■ Work to complete ■
No pictures belong in the copy. Restate the rest of the data exactly.

____ Material shown

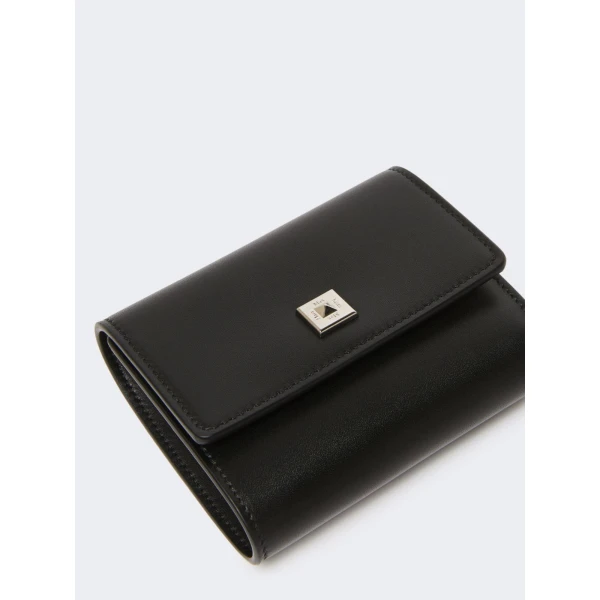 Max Mara Leather Tri-Fold Wallet in Black | Wallets & Purses | Coveti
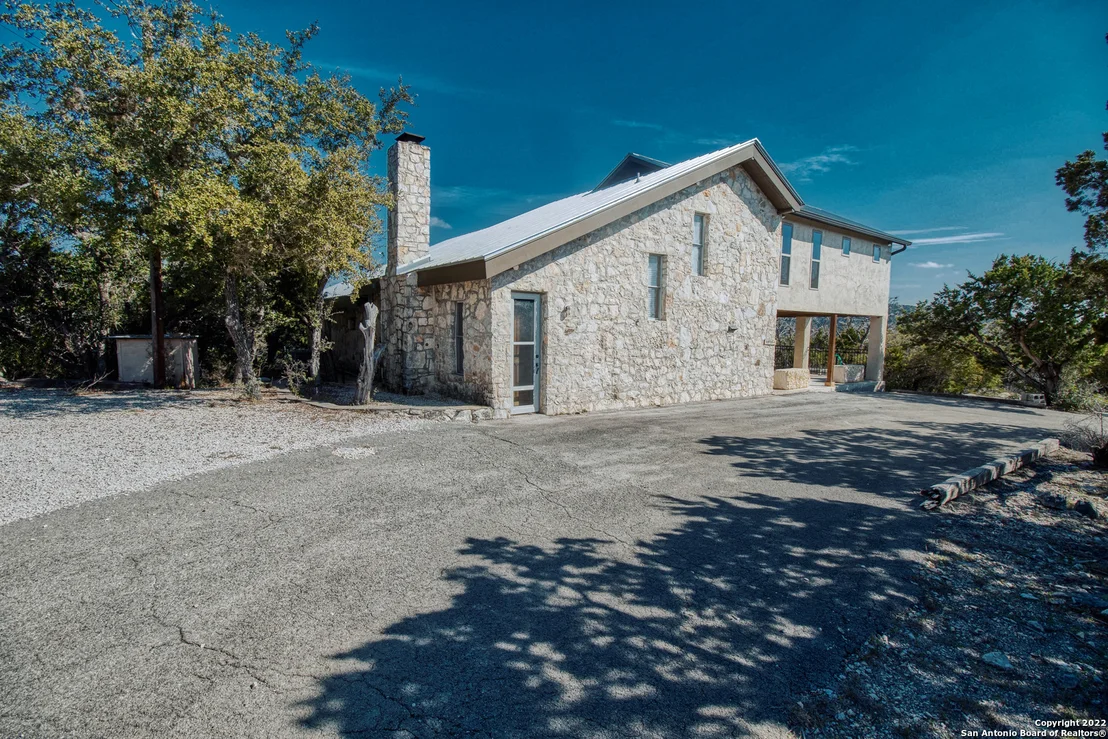 Photo of 210 Bluebonnet Dr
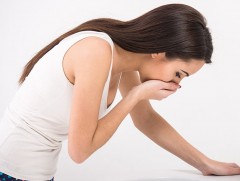 Коронавирусний “Дельта” хувилбараар өвчилсөн хүнд суулгах, бөөлжих шинж тэмдэг илэрч байна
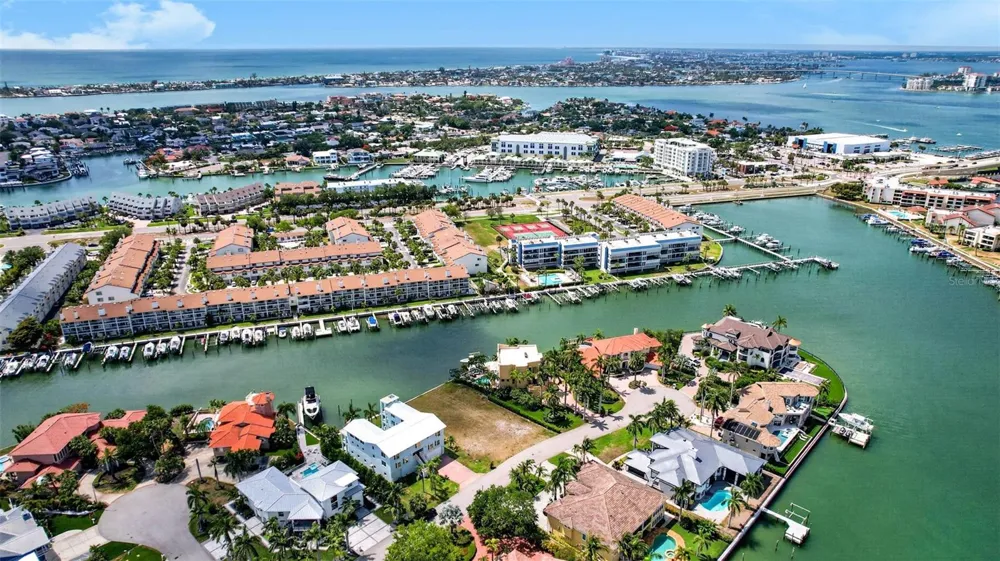 1 1ST AVENUE S Tierra Verde, FL 33715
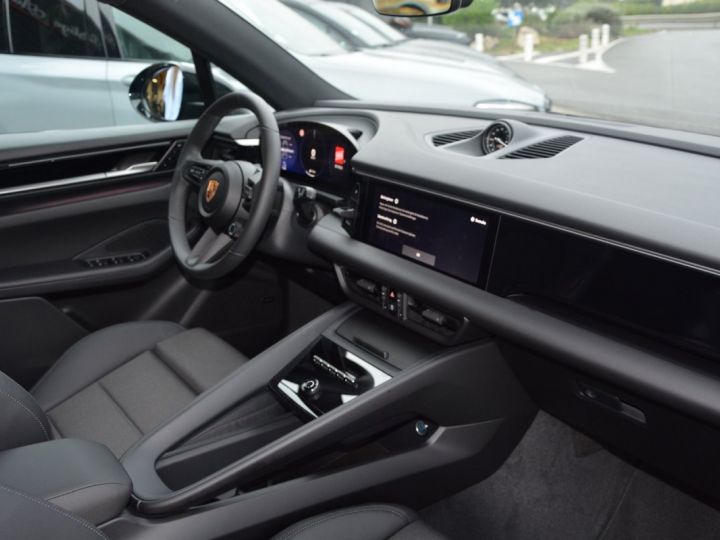 Porsche Macan 4 Electric Neuf Bose LOA 1180 euros par Mois Noir - 7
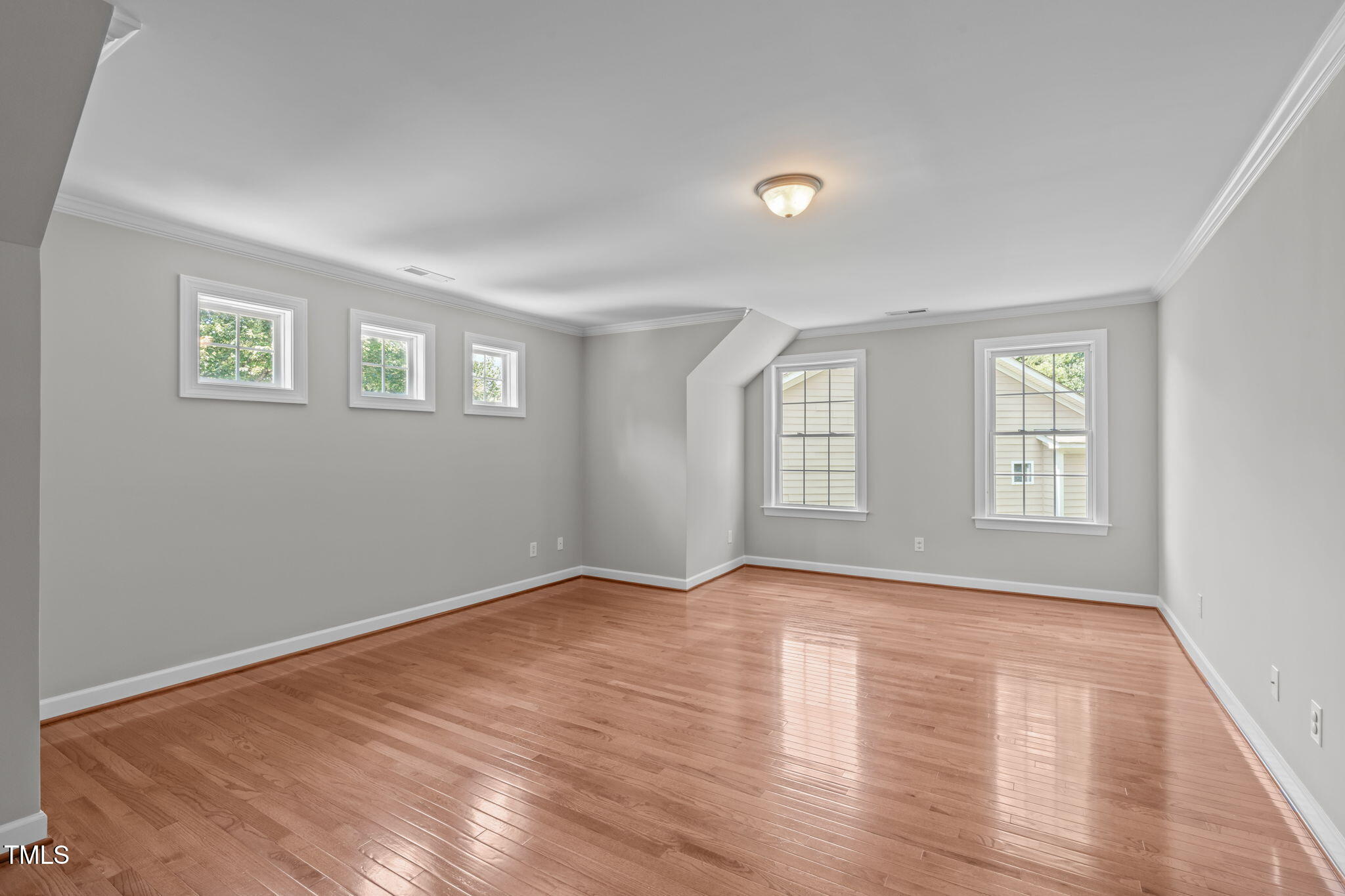 15 Silverbush Court Property Photo 38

________

■ Reply ■
 Max Mara Leather Tri-Fold Wallet in Black | Wallets & Purses | Coveti
 Photo of 210 Bluebonnet Dr
 Коронавирусний “Дельта” хувилбараар өвчилсөн хүнд суулгах, бөөлжих шинж тэмдэг илэрч байна
 1 1ST AVENUE S Tierra Verde, FL 33715
 Porsche Macan 4 Electric Neuf Bose LOA 1180 euros par Mois Noir - 7
 15 Silverbush Court Property Photo 38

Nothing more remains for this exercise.